Geuzing it up on a Sunday morning

Sunday morning thirst quenchers, before, during, and after church

It sounds crazy to most to get up early on a Sunday, especially to get on a bus heading out of town to go drink beer. It sure is, but when the place is where we were headed this past Sunday, it’s well worth it. And since “In de Verzekering tegen de Grote Dorst” is only open Sunday mornings from 10 until just after church lets out at 13.30, you don’t have much choice. Unless you’re having a funeral or another special event and book in advance, or it’s one of the few special events during the year that sees them also open, you’ll need to visit on a Sunday morning. It’s the same hours the “Insurance Against the Great Thirst,” as its name translates to, had been running for 51 years when two brothers took it over. Maybe you’re still wondering why it’s so special?
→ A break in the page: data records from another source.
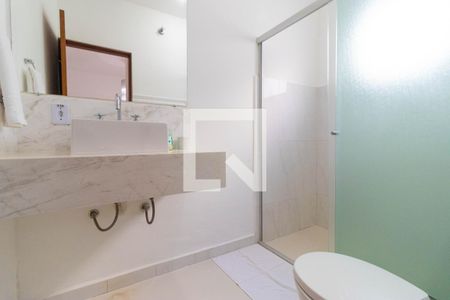 Casa de condomínio à venda com 544m², 4 quartos e 2 vagasBanheiro da Suíte 03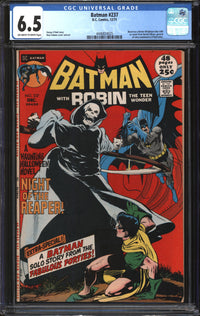 Batman (1940) #237 CGC 6.5 FN+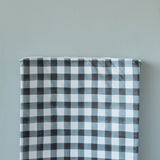 Anti Roll Changing Mat - Black Buffalo Check - The Little Bumble Co.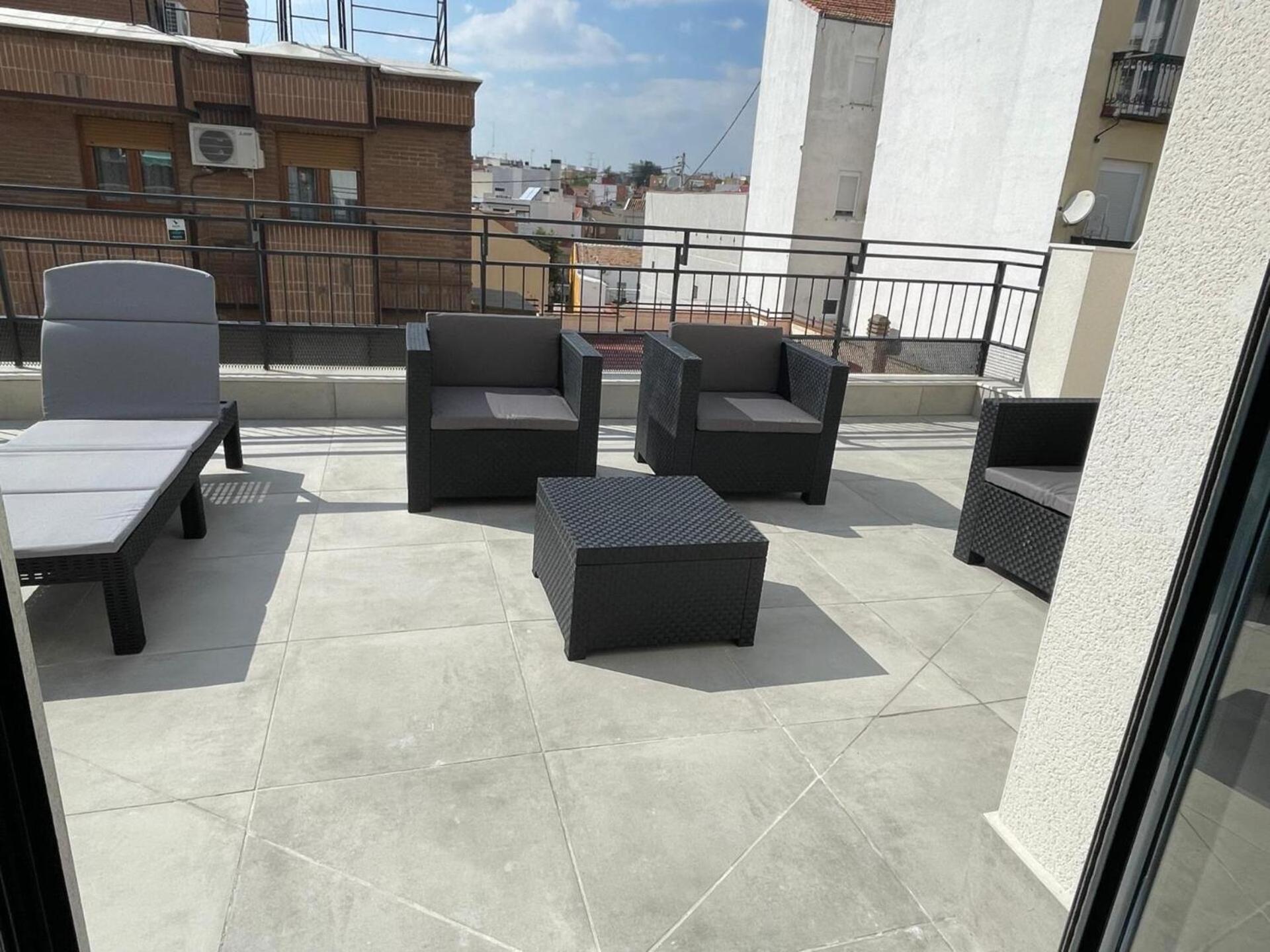 Apartament S8 Atico Nuevo, Madryt Zewnętrze zdjęcie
Eizeringen locals, brothers Yves and Kurt Paneels restored the pub to its old glory after taking it over from Marguerite, whom ran it for 51 years. When she decided to finally retire at 85 years old, on Christmas Eve 1999 she’d serve her last beer. The brothers decided they needed to continue the pub’s tradition in this small village and remain open.

Get me to the geuze on time!

The history of the pub is not only what makes it so special, it’s also the beer they serve, as local as the two brothers, lambic, and lambic-based beers such as geuze and kriek. It’s native to the areas of the Senne Valley (Brussels), and Pajottenland, the beautiful, fertile, and somewhat hilly area encompassing Brussels from the South to the West, the region you’ll find the pub. This special beer has earned an international reputation, as has this thirst-quenching gueze pub that breathes history, a sense of place, and tradtion. In his book Good Beer Guide Belgium, (2006 edition, p. 46) Tim Webb states “The bar stocks perhaps the best range of lambic beers on the planet.”  It’s not only the brothers that are doing their part to keep their historical, museum-like pub and this oh so special beer alive, it’s their parents, whom also help them out. This is the sort of place that makes you feel right at home, wishing you had this sort of place close to your home.

And if you don’t live close by and can’t visit, at least you can always have them send you some geuze, from The House of Geuze.

As for this incredible beer, empty tasting notes are a must! Typical notes nosed are of wheat, barley, fruit (if it’s a kriek or other fruit infused), cinnamon, summer flowers, and dried summer hay. From the Drie Fonteinen 2007 Geuze pictured below, I surprisingly found warm, baked chocolate fondant! Incredible stuff this spontaneously fermented sour beer.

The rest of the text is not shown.